Márcia Elia da Mota *; Rhaisa Gontijo **; Stella Mansur-Lisboa ***; Rafaela Olive ***; Danielle Silva ***; Jaqueline Dias ***; Nádia Delgado ***; Ricardo Kamisaki ***
Universidade Federal de Juiz de Fora
RESUMO
Estudos recentes mostram que a habilidade de refletir sobre os morfemas que compõem as palavras está associada ao sucesso no reconhecimento e compreensão de palavras, na leitura, e na escrita. Porém, a qualidade das tarefas empregadas para avaliar a consciência morfológica raramente é avaliada. Esse estudo teve como objetivo avaliar a qualidade psicométrica de seis tarefas utilizadas para medir a consciência morfológica de crianças no português do Brasil. Adotou-se o método das metades e da consistência interna (alfa de Cronbach). Este coeficiente indica a consistência interna do teste, ou seja, quanto menos variabilidade um mesmo item produz, menos erros ele provoca, indicando assim a precisão do teste. A amostra do estudo constituiu de setenta e uma crianças, sendo 29 crianças alunas do 3º período (classe de alfabetização), 19 crianças alunas da 1ª série e 23 da 2ª série do ensino fundamental. Os resultados mostram que três das tarefas apresentam bons critérios de fidedignidade. Essas tarefas também apresentaram correlações positivas e significativas entre si, sugerindo que apresentam boa validade.
Palavras-chave: Consciência morfológica, Avaliação metalingüística, Desenvolvimento metalingüístico.
ABSTRACT
Recent studies show that the ability to reflect upon the morphemes is related to the success on recognizing and comprehend words, reading comprehension and spelling. However, the quality of the tasks used to evaluate morphological awareness is seldom tested.
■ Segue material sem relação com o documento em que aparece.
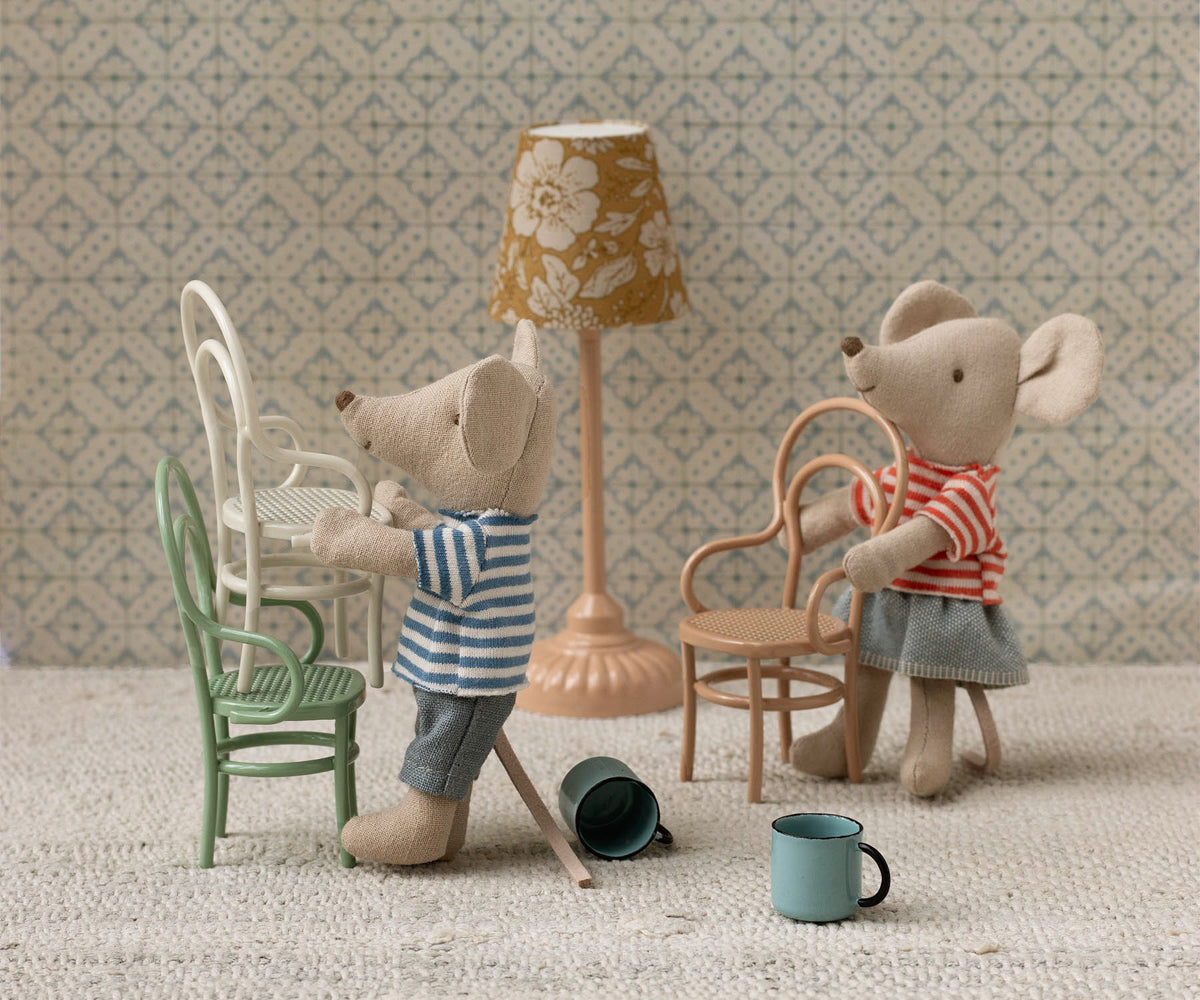 Maileg | Vintage chair | Mouse | Dark powder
This study had the objective of evaluate the psicometric quality of six tasks that are used to measure morphological awareness in Brazilian Portuguese. The method of the halves and internal consistency (alpha Cronbach) were adopted. This coefficient gives the internal consistency of the items of the task, the less variability a item shows, the less erros it produces, indicating task consistency. The participants in this study were 71 children, 29 were from first grade (literacy class), 19 from second grade e 23 from third grade of Primary School. The results show that three of the task had good reliability scores. These same tests presented positive statistic significant coefficients of correlation, suggesting that they had good validity.
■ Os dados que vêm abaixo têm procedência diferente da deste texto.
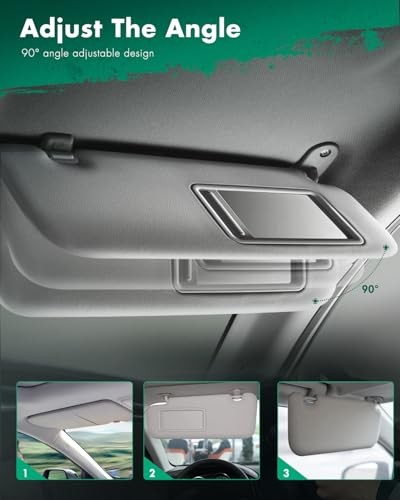 Left Driver Side Car Sun Visor With Left Driver Side[BBM2-69-320C-75] Gray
Keywords: Morphological awareness, Metalinguistic evaluation, Metalinguistic development.
Introdução
Nos últimos 30 anos as pesquisas na área de alfabetização se voltaram para o papel que as habilidades metalingüísticas exercem como facilitadoras da aquisição da língua escrita. Dentre as habilidades metalingüísticas a melhor investigada é a consciência fonológica (Barrera & Maluf, 2003; Bradley & Bryant, 1985; Capovilla & Capovilla, 2000; Cardoso-Martins, 1997; Guimarães, 2003; Plaza & Cohen, 2004; Rego & Bryant, 1993; Tunmer, 1990). Contudo, recentemente as atenções têm sido voltadas para o desenvolvimento de outra habilidade metalingüística: a consciência morfológica. A consciência morfológica está associada ao sucesso na leitura, escrita e no reconhecimento de palavras (Carlisle, 1988, 1995, 1996, 2000; Deacon & Kirby, 2004; Nagy, Abbot & Berninger, 2006)
Consciência morfológica é a habilidade de refletir sobre os morfemas que compõem a fala (Carlisle, 1995). Morfemas são as menores unidades de significado de uma palavra. Tanto a consciência morfológica quanto a consciência fonológica podem contribuir para a alfabetização porque a escrita combina dois tipos de princípios: o princípio fonográfico e o semiográfico. O primeiro envolve estabelecer como unidades gráficas, os grafemas ou letras, correspondem aos sons que compõem a fala. Essa correspondência pode ser ao nível dos fonemas ou sílabas. O segundo princípio, o semiográfico, envolve estabelecer como os grafemas representam significados (Marec-Breton & Gombert, 2004). O processamento morfológico está mais fortemente associado ao princípio semiográfico, ao passo que o processamento fonológico está mais fortemente associado ao princípio fonográfico.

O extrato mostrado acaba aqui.